Judith Ashley said...

Sami,
I think people watching is a great way to find those little mannerisms or characteristics that make a character 'real'. One of my favorite things to do is to make up stories for the people I see. A friend of mine and I used to do that and then we'd approach the person to see how accurate we were. LOL we were closer to who the person was (occupation, traveling or live in area, married or not (wedding rings don't always mean anything), interests, etc.) than one might think. This was over a decade ago and at that time no one was upset or distressed by our antics and in fact we had some great conversations with people we introduced ourselves to.

Sarah Raplee said...

You are so right, Sami People-watching is an important tool in the ol' Characterization Toolkit. You certainly put it to good use! I don't always know my characters as well as you do when I begin my first draft, but I seem to better with each manuscript.

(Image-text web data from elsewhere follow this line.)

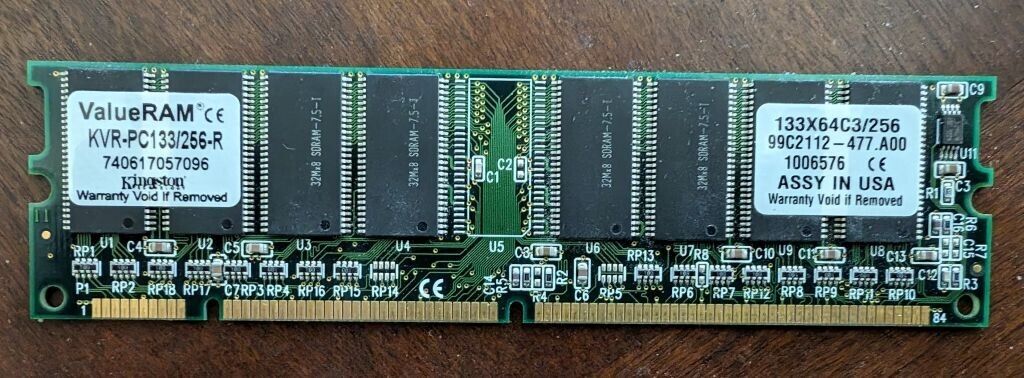 Kingston PC133 256 MB DIMM 133 MHz SDRAM Memory (KVR133X64C3/256)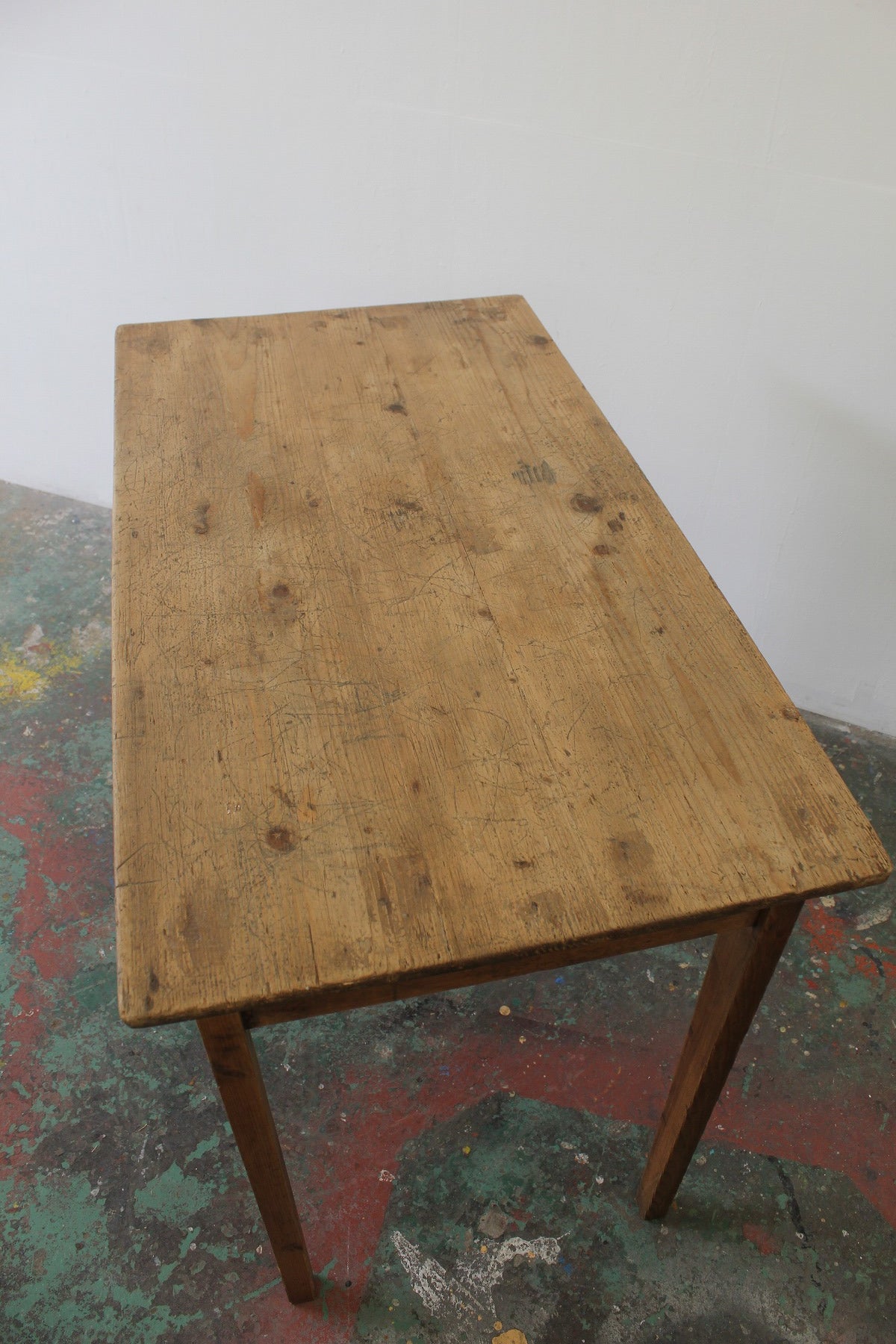 #0857 table
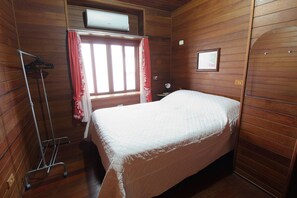Casa, 5 quartos | 5 quartos, ferros/tábuas de passar roupa, Wi-Fi de cortesia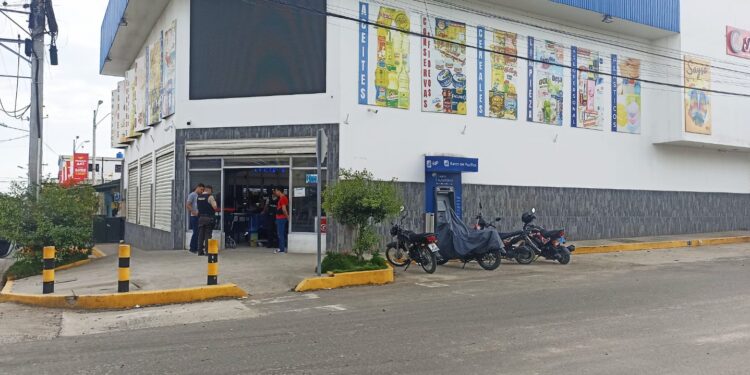 Sujetos armados asaltaron en local comercial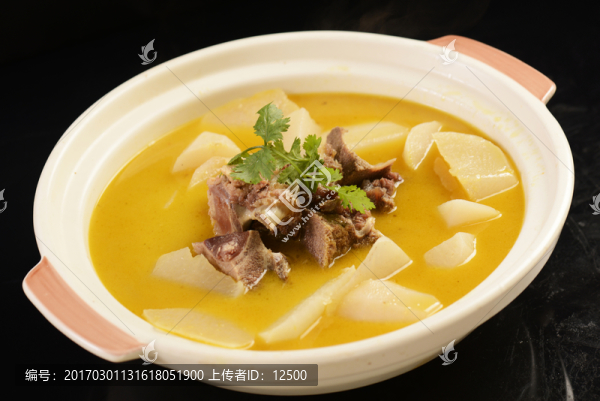 蘿卜燉牛骨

Listening to the way real people talk is another form of people-watching that I find invaluable for writing natural-sounding dialogue. I bet you do that, too.

Vonnie Alto said...

I admire your pre-writing. Often, I don't know my characters enough before I start writing my book. Perhaps that's why my books are more plot driven than character driven. This means a lot of backtracking to layer in the nuances of my characters. By the way, I love the cat photo!

Tam Linsey said...

I agree, a character can change the story, but never will the character change to accommodate the story.

SamMarie Ashe said...

Oh my gosh, I completely spaced on the fact that I had a post on 6/14!
I am soooo sorry! My non-writing life (that personal stuff that intrudes when all I wanna do is write) took over for the month of June, but now I'm back on track. Yay! Ready to tackle July and a new story, finally.

Thank you all for commenting, have a great day!